I went over to visit with them after that, and Junior was just a riot, he chased me all over that pen, haha.
I was trying to get pics and video but him running right at me made that impossible.

But I wanted to share this one, OMG ♥♥♥ Does this not show his silly personality? He is just soooo silly!


__
https://flic.kr/p/8359196074


----------



## liz (Oct 5, 2007)

It truly warms my heart that Star has bonded so well with her adopted son, lots of work on your part but it's like he was born there! Good mama Star is... looks like he has playmates now too :hug:


----------



## HoosierShadow (Apr 20, 2010)

liz said:


> It truly warms my heart that Star has bonded so well with her adopted son, lots of work on your part but it's like he was born there! Good mama Star is... looks like he has playmates now too :hug:


Thanks Liz! It is so worth it to see these two bonding. I am so very proud of Star, she's done great with Junior so far  He's happy and spunky and just brightens the world around us that's for sure  
I think things happen for a reason, and God wanted us to have Junior ♥


----------



## HoosierShadow (Apr 20, 2010)

I wonder how long it's going to take before I find him inside the hay bucket? LOL









This is the doe that Star doesn't get along with at all  She's pretty brutal towards Star. Of course Star has a baby now and is 'brave' but she also knows there is a fence between them!

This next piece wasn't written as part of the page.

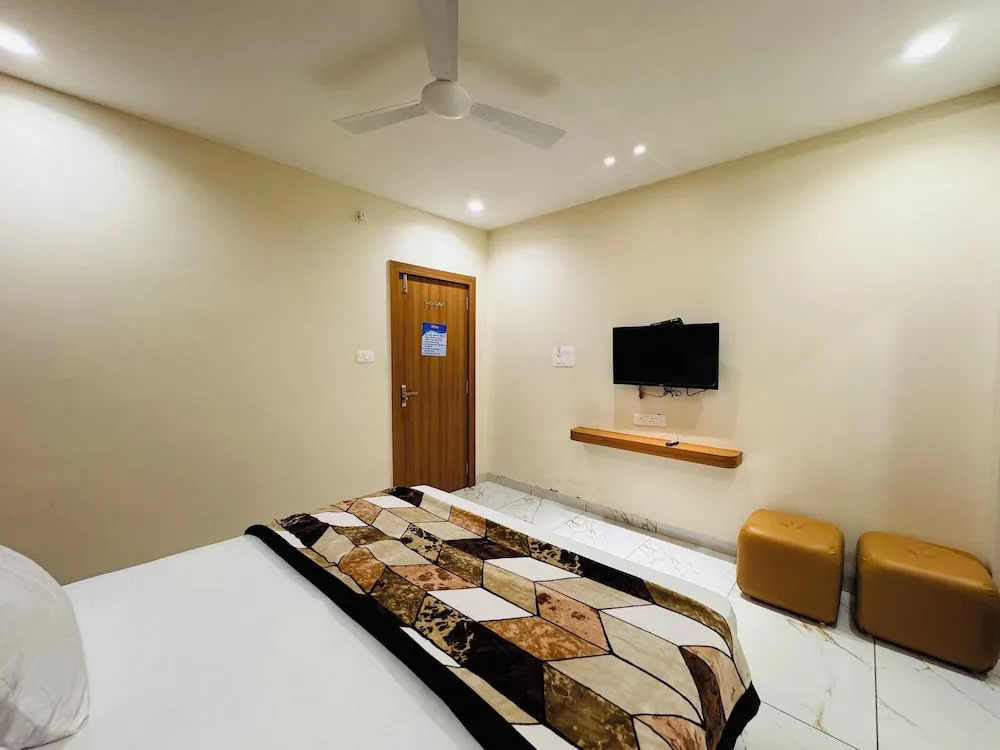 Hotel Shree Krishnam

My kids got home from school when I was out so I snapped a few pics. My youngest daughter hadn't really been coming out much until the last few days. She's really REALLY taken to Junior. 

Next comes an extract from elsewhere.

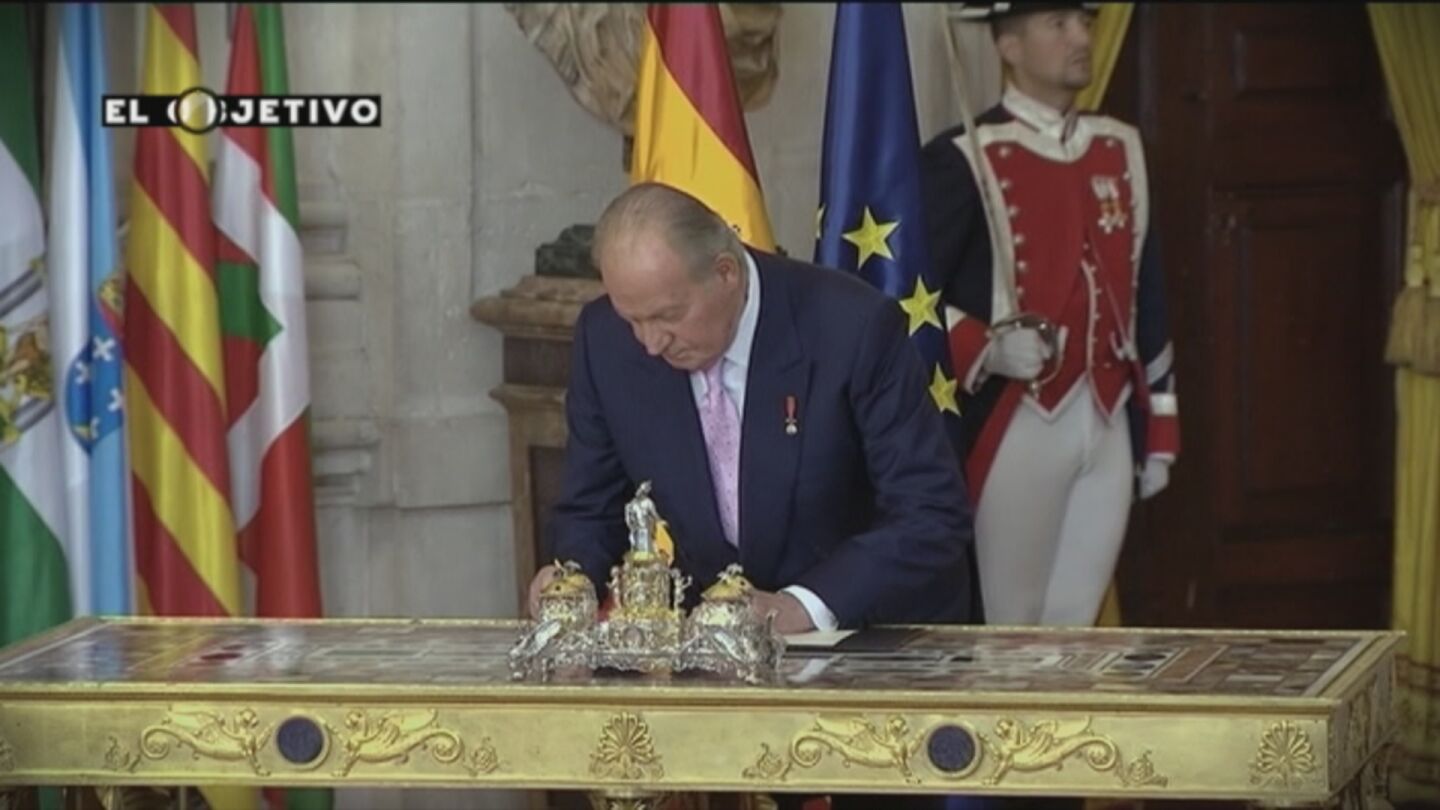 Juan Carlos I abdica de la Corona de Espa&ntilde;a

Star was looking for more peanut butter/cheese crackers lol









My son absolutely adores Junior 


















He's so much fun to be around, he's always happy to see us, he's learning his name, and is so spunky and curious about everything. Oh and he paws at EVERYTHING lol ♥♥♥


----------



## ThreeHavens (Oct 20, 2011)

This is so heartwarming! I'm glad she has him and that he has added joy to the herd :hug:


----------



## shibby7 (Feb 20, 2012)

Awesome pictures!! I never get tired of seeing photos you post LOL.
That is one lucky baby goat, he's so happy looking. Its really great it all worked out.


----------



## RPC (Nov 6, 2009)

That is awesome you found a kid for her to raise and she is actually doing it. I am going through all your posts now so expect lots of comments. By the way Star looks awesome.


----------